To implement the Data center Networking (DCN) in ns-3 consists to simulate a network that links to servers, switches and routers that usually found in data centers. This can include numerous topologies such as fat-tree, leaf-spine, or others. Here is the detailed procedure on how to set up a general data center network in ns-3 environment using a fat-tree topology.
Step-by-Step Implementation
- Install ns-3
Make sure the ns3 installed on the system. You can download and installed in from official website.
- Define the Fat-Tree Topology
A fat-tree topology consists of three layers:
- Core layer
- Aggregation layer
- Edge layer
- Create Network Nodes
To generate network nodes using NodeContainer for servers, edge switches, aggregation switches, and core switches.

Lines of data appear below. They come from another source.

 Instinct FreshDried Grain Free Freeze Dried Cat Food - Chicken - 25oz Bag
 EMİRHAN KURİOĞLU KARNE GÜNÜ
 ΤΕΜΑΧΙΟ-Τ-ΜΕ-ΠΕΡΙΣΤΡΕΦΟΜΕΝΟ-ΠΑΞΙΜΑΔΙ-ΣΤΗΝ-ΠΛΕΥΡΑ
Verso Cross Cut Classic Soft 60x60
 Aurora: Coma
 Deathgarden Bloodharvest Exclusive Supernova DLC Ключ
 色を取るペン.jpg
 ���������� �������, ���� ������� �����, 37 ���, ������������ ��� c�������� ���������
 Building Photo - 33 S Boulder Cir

#include “ns3/core-module.h”
#include “ns3/network-module.h”
#include “ns3/internet-module.h”
#include “ns3/point-to-point-module.h”
#include “ns3/applications-module.h”
using namespace ns3;
NodeContainer coreSwitches, aggSwitches, edgeSwitches, servers;
// Parameters
uint32_t k = 4; // Number of ports per switch (k must be even for fat-tree topology)

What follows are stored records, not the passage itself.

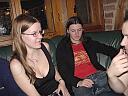 Get 6937.jpg - bisher 82 mal angeklickt.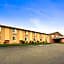 Americas Best Value Inn Foxboro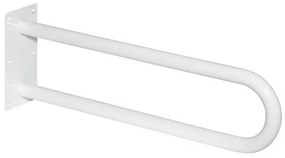 Mereo Mereo, Madlo pevné, biele, 55 cm, MER-KD299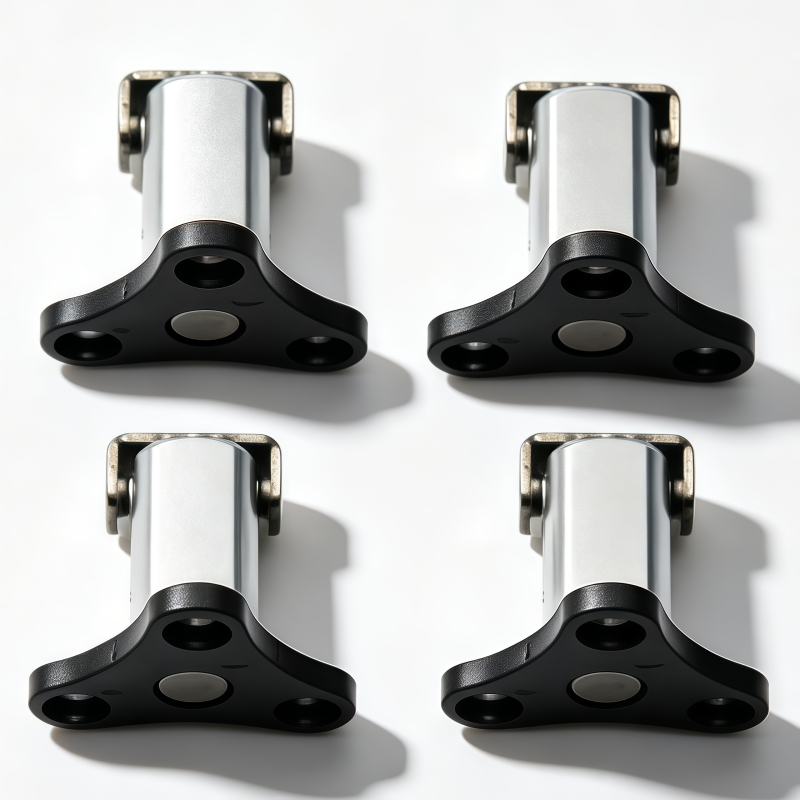 Front Rear Arm Shaft Hinge Axi - огляд і ціна Dji Drone Mini 3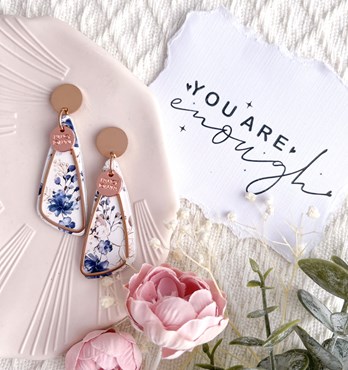 Nancy Joanna Collection Image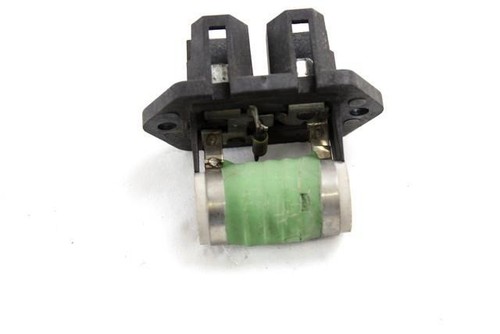 51736774 electric fan - electric,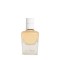 Herm&egrave;s, Jour D&#039;Herm&egrave;s, Apă de parfum, Femei, 50 ml *Tester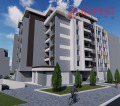 Продава 2-СТАЕН, град Стара Загора, Железник - център • 68850 € • 86344920 — Holmes.bg
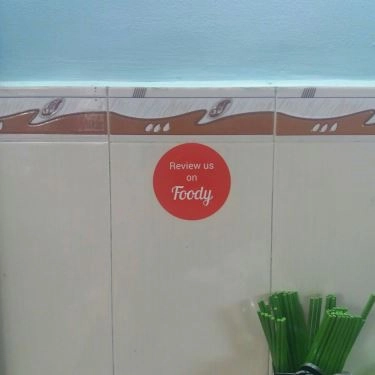 Tổng hợp- Quán Ăn Phở Bò 25k - Hoàng Diệu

uint32_t numPods = k; // Number of pods
uint32_t numCoreSwitches = (k / 2) * (k / 2);
uint32_t numAggSwitches = k * (k / 2);
uint32_t numEdgeSwitches = k * (k / 2);
uint32_t numServers = k * numEdgeSwitches / 2;
// Create nodes
coreSwitches.Create(numCoreSwitches);
aggSwitches.Create(numAggSwitches);
edgeSwitches.Create(numEdgeSwitches);
servers.Create(numServers);
- Set Up Point-to-Point Links
Create point-to-point links between the switches and servers.
PointToPointHelper p2p;
p2p.SetDeviceAttribute(“DataRate”, StringValue(“1Gbps”));
p2p.SetChannelAttribute(“Delay”, StringValue(“2ms”));
// Install network devices on core switches
NetDeviceContainer coreDevices;
for (uint32_t i = 0; i < coreSwitches.GetN(); ++i) {
for (uint32_t j = 0; j < aggSwitches.GetN() / numPods; ++j) {
NetDeviceContainer link = p2p.Install(NodeContainer(coreSwitches.Get(i), aggSwitches.Get(j + (i / (k / 2)) * (k / 2))));
coreDevices.Add(link);
}
}
// Install network devices on aggregation switches
NetDeviceContainer aggDevices;
for (uint32_t i = 0; i < aggSwitches.GetN(); ++i) {
for (uint32_t j = 0; j < edgeSwitches.GetN() / numPods; ++j) {
NetDeviceContainer link = p2p.Install(NodeContainer(aggSwitches.Get(i), edgeSwitches.Get(j + (i / (k / 2)) * (k / 2))));
aggDevices.Add(link);
}
}
// Install network devices on edge switches
NetDeviceContainer edgeDevices;
for (uint32_t i = 0; i < edgeSwitches.GetN(); ++i) {
for (uint32_t j = 0; j < numServers / numEdgeSwitches; ++j) {
NetDeviceContainer link = p2p.Install(NodeContainer(edgeSwitches.Get(i), servers.Get(j + i * (numServers / numEdgeSwitches))));
edgeDevices.Add(link);
}
}
- Configure Mobility Model
Set up the mobility model for the nodes if necessary. For data center networking, nodes typically do not move.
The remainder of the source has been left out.